* Exercise materials
□ □ □ □
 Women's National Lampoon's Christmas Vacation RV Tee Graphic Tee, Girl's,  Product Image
□ □ □ □
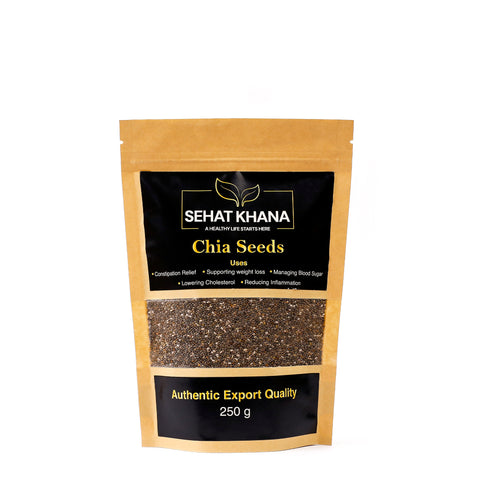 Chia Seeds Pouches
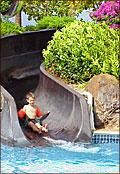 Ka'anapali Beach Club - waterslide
□ □ □ □
* Your task
Given the entries above, transcribe exactly the lines from the one holding "Chia Seeds Pouches" through the one holding "Ka'anapali Beach Club - waterslide"; pictures do not belong in the transcription.

* Your solution
 Chia Seeds Pouches
 Ka'anapali Beach Club - waterslide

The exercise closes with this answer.